**Work instruction**
Please transcribe all of the entries exactly, leaving out any images.
------ Dataset records
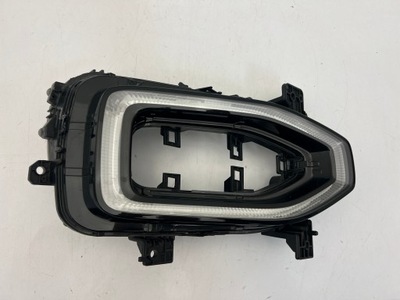 VW T-ROC 2GA HALÓGENO DERECHA DIODO LUMINOSO LED DRL LUZ DIRECCIONAL N 2017-  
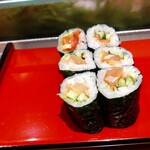 小笹寿し - 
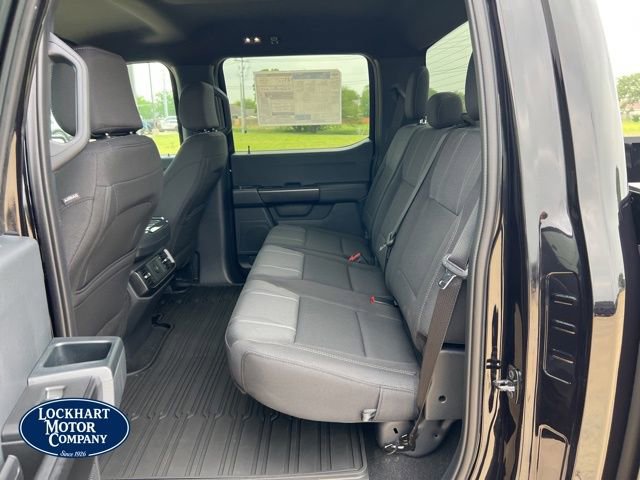 New 2026 Ford F150 STX RWD image 14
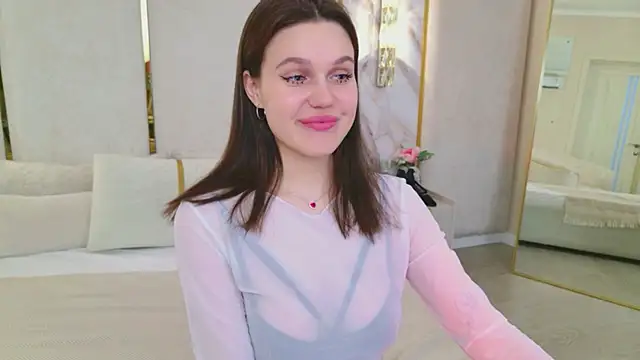 RihannaRose online show from April 21, 5:09 pm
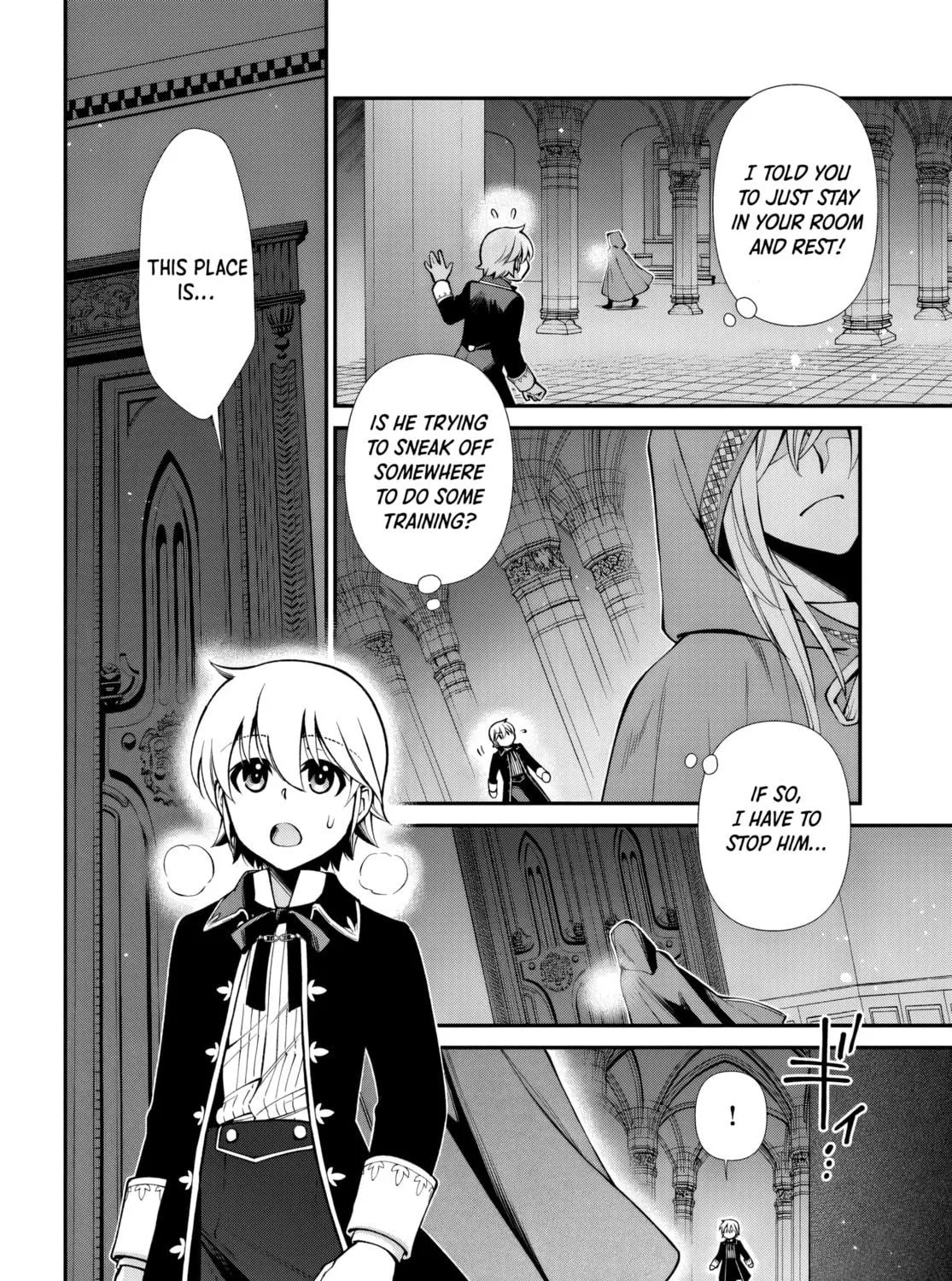 Parallel World Pharmacy Chapter 57 page 41 - 
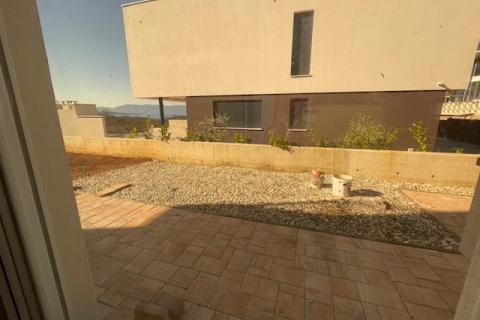 Otok Krk,Njivice,novogradnja,500 m od mora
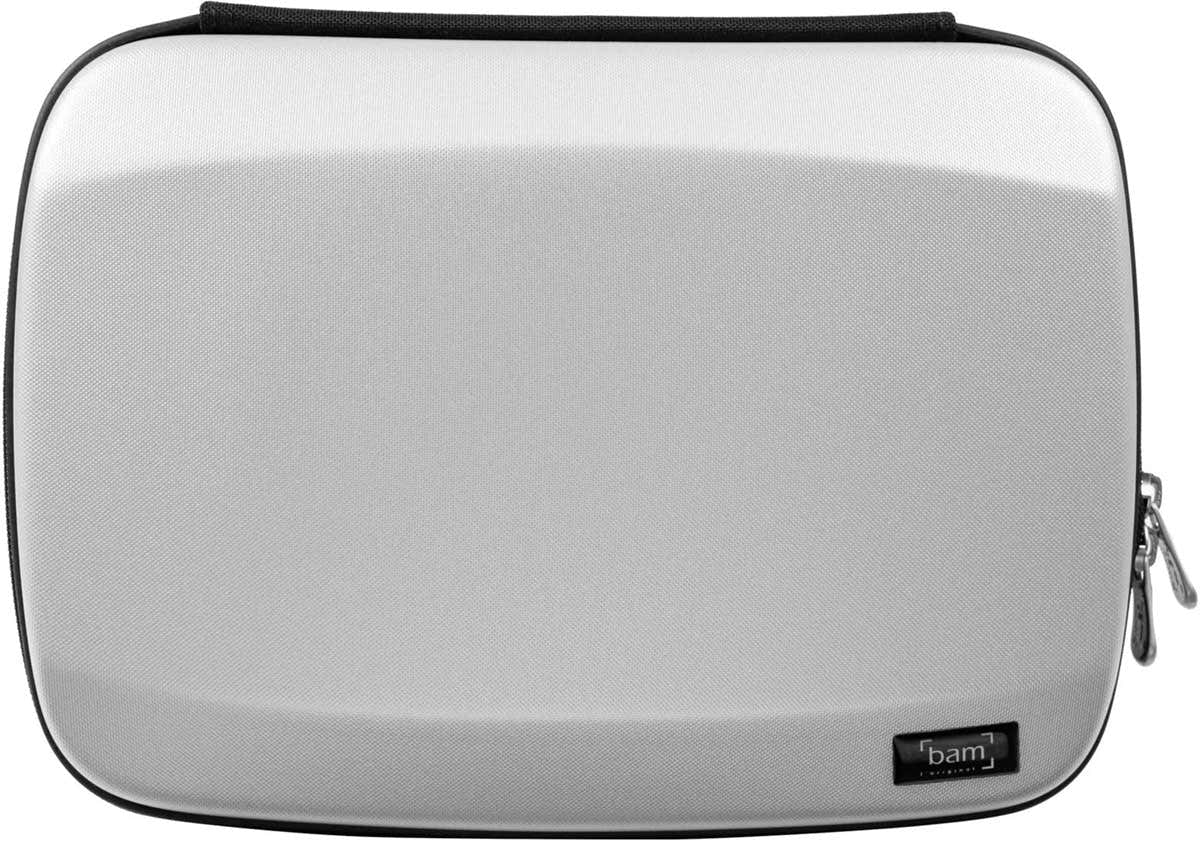 Étui Clarinette Sib Stage - Gris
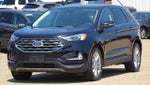 2024 Ford Edge Titanium AWD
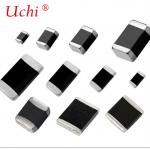 Multilayer Surge Chip NTC SMD Thermistor , MOV High Power Varistor 2220H380KT for sale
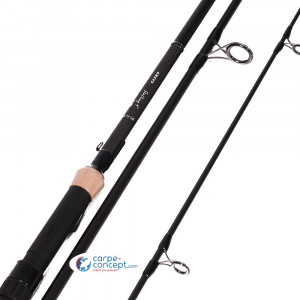 CANNE CARPE GREYS STALKING RODS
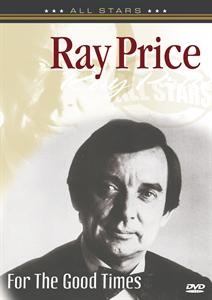 PRICE RAY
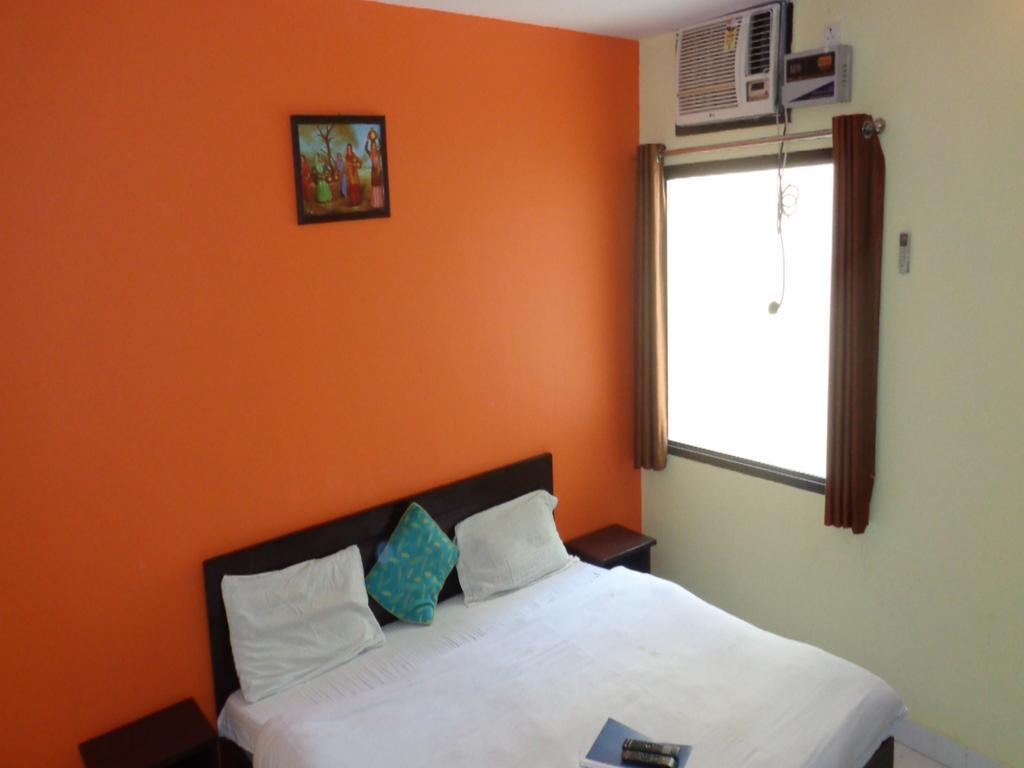Hotel Aananda Haridwar Exterior photo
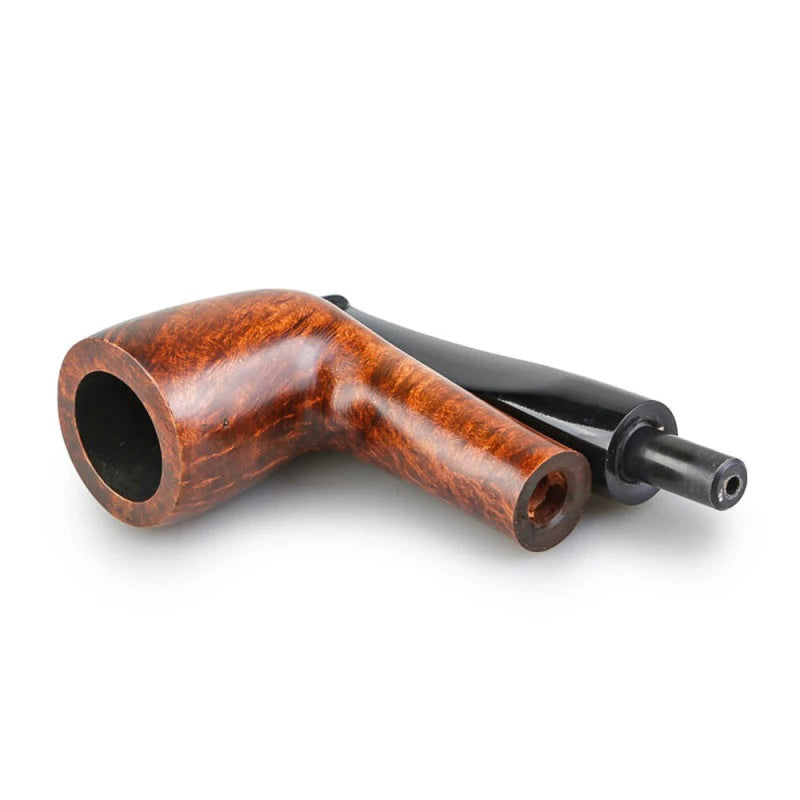 Cachimbo Sabbiata Smooth 348 - Mercado de Luxo - O Maior E-Commerce de Bens, Produtos e Serviços de Luxo do Brasil.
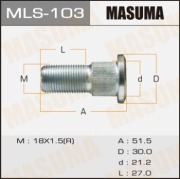 Masuma MLS103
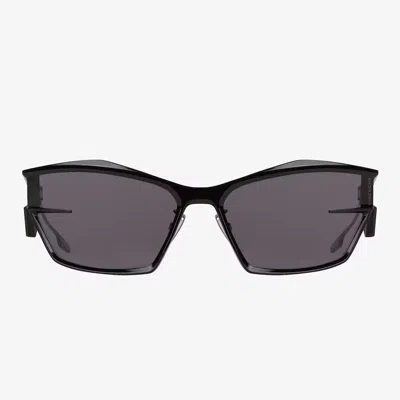 Shop Givenchy Sunglasses In Black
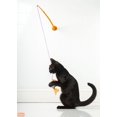 thumbnail image 2 of Jouet pour chat Hartz Just for Cats Gone Fishin', 2 of 6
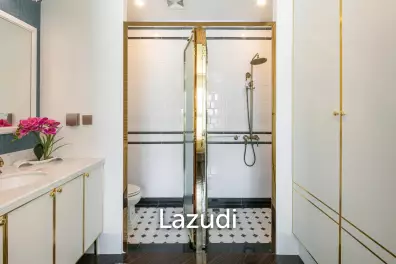 1 Bed 47.27 SQ.M Grand Florida Beachfront Condo Resort Pattaya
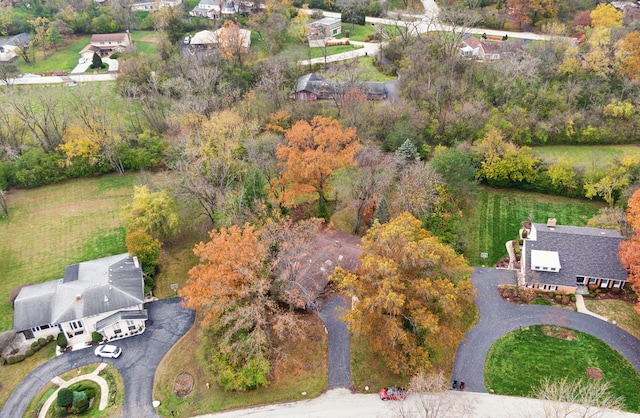 71 Graymoor Ln, Olympia Fields, IL 60461 - view of property location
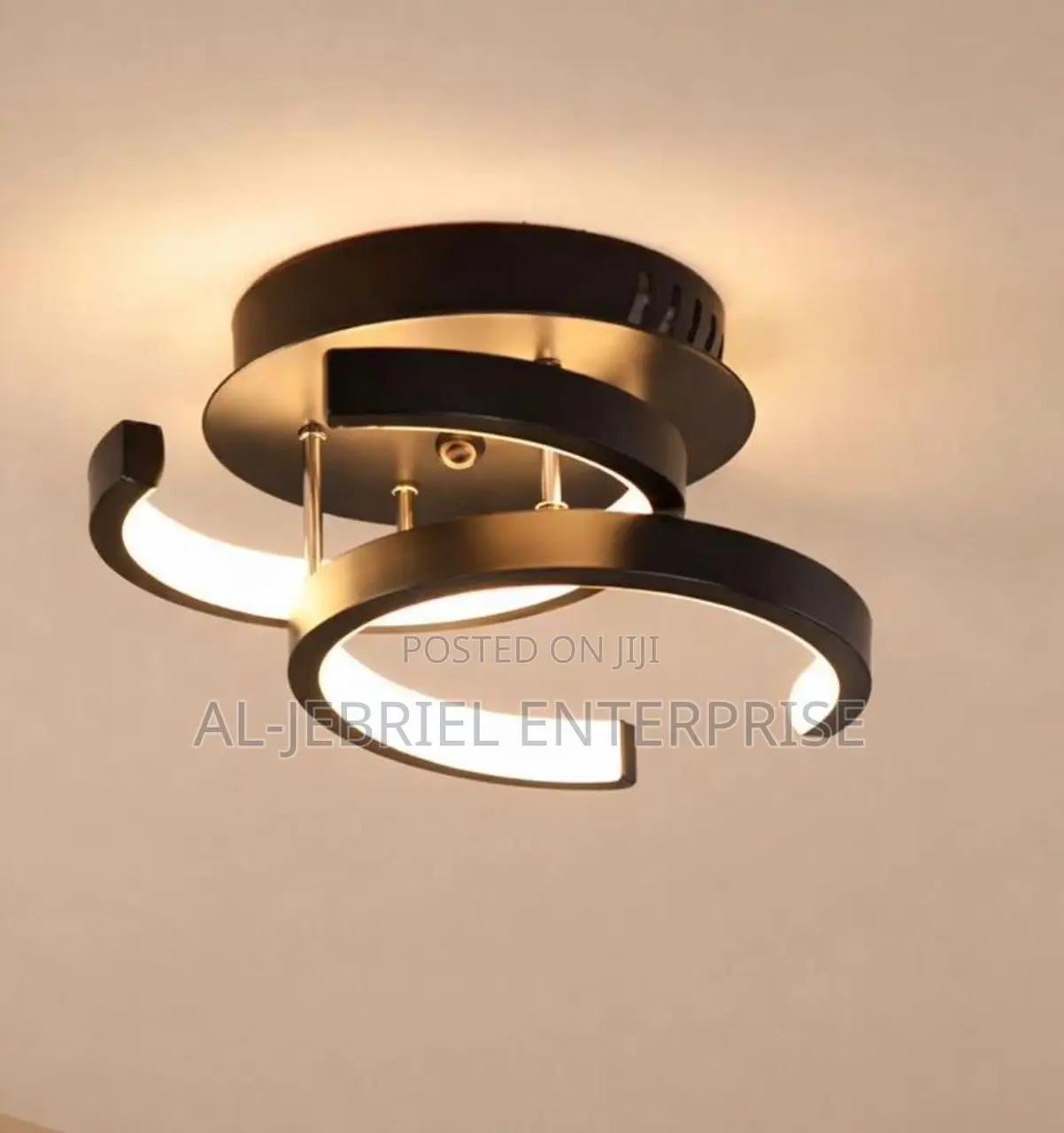 Led Ceiling Light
------------
**Answer section**
 VW T-ROC 2GA HALÓGENO DERECHA DIODO LUMINOSO LED DRL LUZ DIRECCIONAL N 2017-  
 小笹寿し - 
 New 2026 Ford F150 STX RWD image 14
 RihannaRose online show from April 21, 5:09 pm
 Parallel World Pharmacy Chapter 57 page 41 - 
 Otok Krk,Njivice,novogradnja,500 m od mora
 Étui Clarinette Sib Stage - Gris
 2024 Ford Edge Titanium AWD
 Multilayer Surge Chip NTC SMD Thermistor , MOV High Power Varistor 2220H380KT for sale
 CANNE CARPE GREYS STALKING RODS
 PRICE RAY
Hotel Aananda Haridwar Exterior photo
 Cachimbo Sabbiata Smooth 348 - Mercado de Luxo - O Maior E-Commerce de Bens, Produtos e Serviços de Luxo do Brasil.
 Masuma MLS103
 Shop Givenchy Sunglasses In Black
 thumbnail image 2 of Jouet pour chat Hartz Just for Cats Gone Fishin', 2 of 6
 1 Bed 47.27 SQ.M Grand Florida Beachfront Condo Resort Pattaya
 71 Graymoor Ln, Olympia Fields, IL 60461 - view of property location
 Led Ceiling Light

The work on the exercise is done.